Im likely going to be at sugarbush that Friday so could share some runs.     All set on lodging though.     Addl mini meet ups to get in on group lodging is a good idea!


----------



## octopus (Feb 12, 2013)

interested


----------



## reefer (Feb 13, 2013)

I'll most likely be skiing Sugarbush Friday the 22nd regardless. Keep us posted.


----------



## Cornhead (Feb 13, 2013)

This is a distinct possibility, I have a SB weekday, and three MRG vouchers. Maybe I'll take the week before, or after, off. Scotty, do you want to ski MRG along with the weekend at SB? We could do two days at MRG, and the weekend with the gang at SB. Nick, is there a chance of getting any discount on extended lodging at SB?


----------



## JimG. (Feb 13, 2013)

Cornhead, somehow I did not get to meet you this past weekend, and I'd enjoy skiing with Scotty too.

Hope we can all make this happen.


----------



## HowieT2 (Feb 13, 2013)

i'll be there.


----------



## Nick (Feb 13, 2013)

Cornhead said:


> This is a distinct possibility, I have a SB weekday, and three MRG vouchers. Maybe I'll take the week before, or after, off. Scotty, do you want to ski MRG along with the weekend at SB? We could do two days at MRG, and the weekend with the gang at SB. Nick, is there a chance of getting any discount on extended lodging at SB?



I'm betting the room rate would be the same if you threw in a Thursday night for example. So an extra $110 for a double, ($55 per person, appx)


----------



## o3jeff (Feb 13, 2013)

Definitely interested.


----------



## ScottySkis (Feb 13, 2013)

Cornhead said:


> This is a distinct possibility, I have a SB weekday, and three MRG vouchers. Maybe I'll take the week before, or after, off. Scotty, do you want to ski MRG along with the weekend at SB? We could do two days at MRG, and the weekend with the gang at SB. Nick, is there a chance of getting any discount on extended lodging at SB?


Sure I do one day at Mad River, and two at the Bush.


----------



## Cornhead (Feb 13, 2013)

JimG. said:


> Cornhead, somehow I did not get to meet you this past weekend, and I'd enjoy skiing with Scotty too.
> 
> Hope we can all make this happen.


Sorry we didn't meet either, I wasn't staying at the Loaf, Mountain View Inn, I have no friends, and had to fly solo. :wink: I skied mostly with BackLoafRiver, Friday and Saturday.
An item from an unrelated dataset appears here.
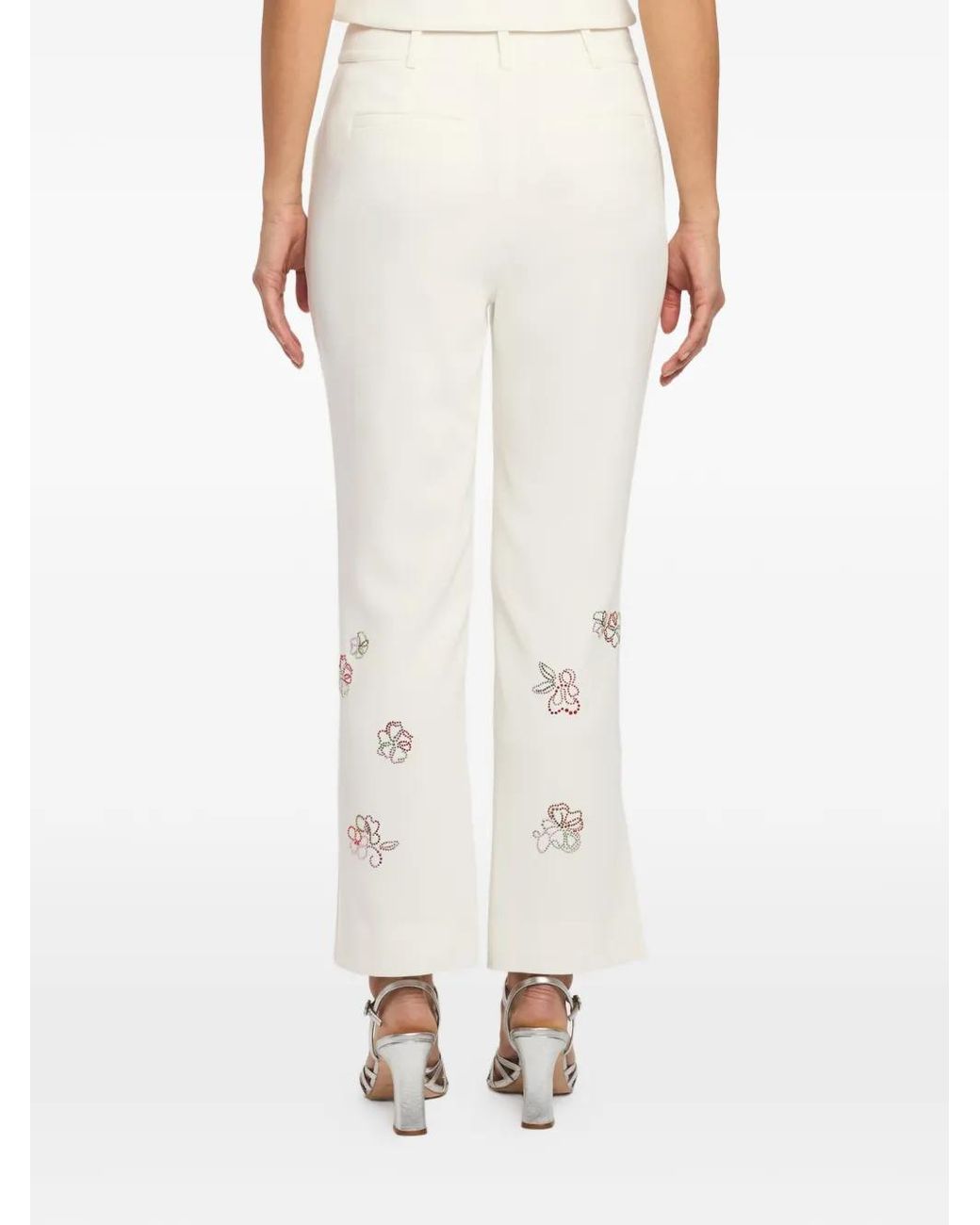 Cinq À Sept Kerry Cropped Broek Met Bloemendetail in het White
I did ski a few runs with reefer, double eject, boarder patrol, and another member whose handle escapes me, sorry. The only appearance I made with the group, was the Widowmaker Saturday after the lifts stopped turning. I don't drink anymore, so the bar scene has little appeal to me, "safety meetings", on the other hand, I still enjoy. :wink:


----------



## ScottySkis (Feb 13, 2013)

JimG. said:


> Cornhead, somehow I did not get to meet you this past weekend, and I'd enjoy skiing with Scotty too.
> 
> Hope we can all make this happen.



I look foward to skiing with you to Jim.


----------



## wa-loaf (Feb 13, 2013)

I'll be in Utah this weekend. Have fun!


----------



## WWF-VT (Feb 13, 2013)

I'll be around that weekend but because it's my home mountain I don't need lodging or lift tickets


----------



## Nick (Feb 13, 2013)

well if you are there would still be fun to get some turns. 
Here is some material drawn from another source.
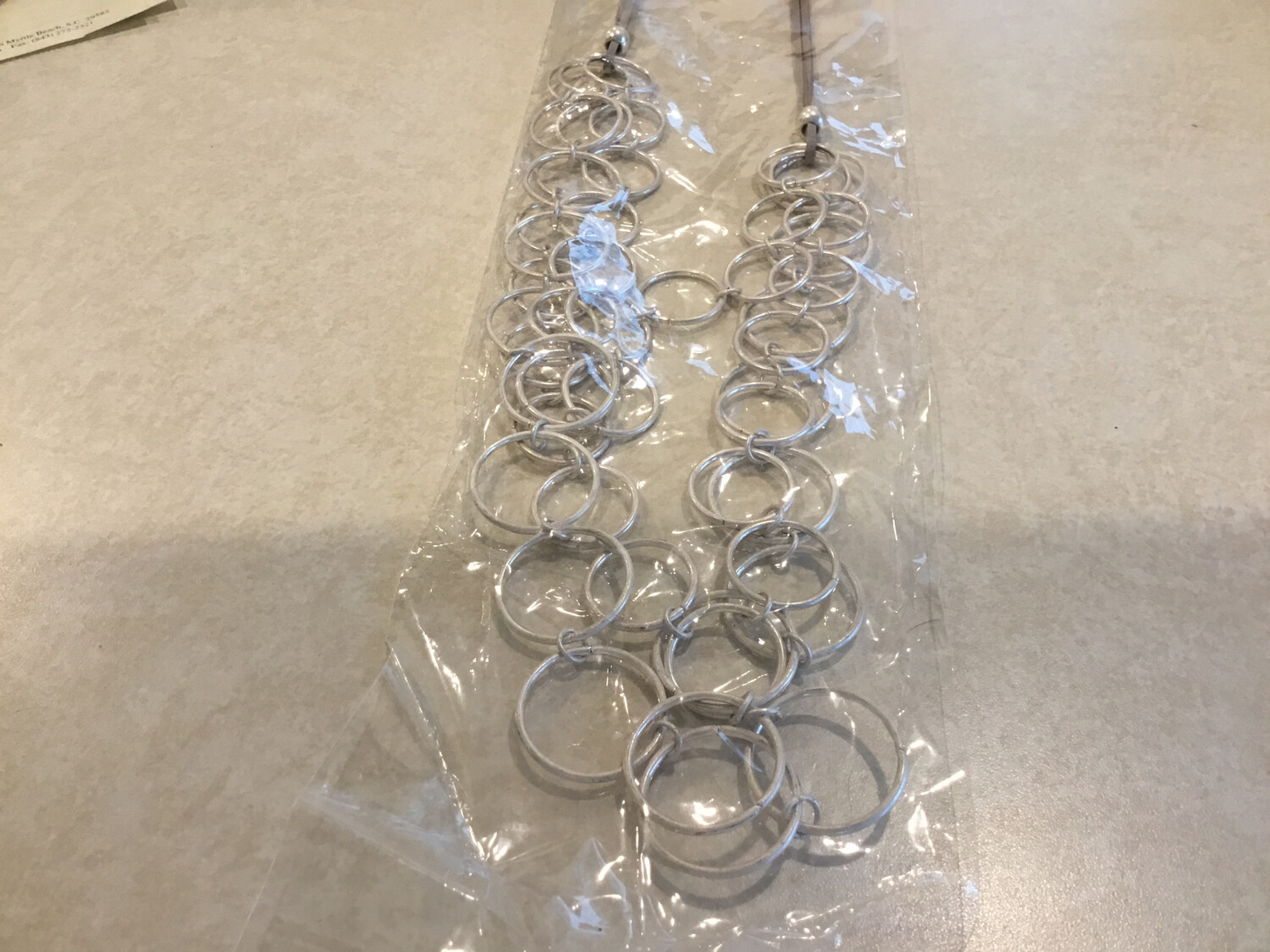 Long Necklace Three Layer Circles Grey Cord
I think we need 20 res. minimum to get this going. As long as we think we can hit that I can start opening it up.


----------



## vinnyv11 (Feb 13, 2013)

I'd be interested just need to see if my Utah trip is happening.


----------



## St. Bear (Feb 13, 2013)

I would probably be interested in coming up for a day, especially if Mt. Ellen is still open with spring rates.

Doesn't really help you with the reaching the 20 though.  Sorry.


----------



## teleo (Feb 13, 2013)

I'll be there.  Home mtn, so can't help with 20.


----------



## ScottySkis (Feb 14, 2013)

I think my cousin might want to, does he half join A zone?


----------



## ALLSKIING (Feb 14, 2013)

Very interested in this...I also would make it a 3 day trip and hit MRG.


----------



## ScottySkis (Feb 14, 2013)

ALLSKIING said:


> Very interested in this...I also would make it a 3 day trip and hit MRG.



You should, that what I want to do on Friday.


----------



## Nick (Feb 14, 2013)

Scotty said:


> I think my cousin might want to, does he half join A zone?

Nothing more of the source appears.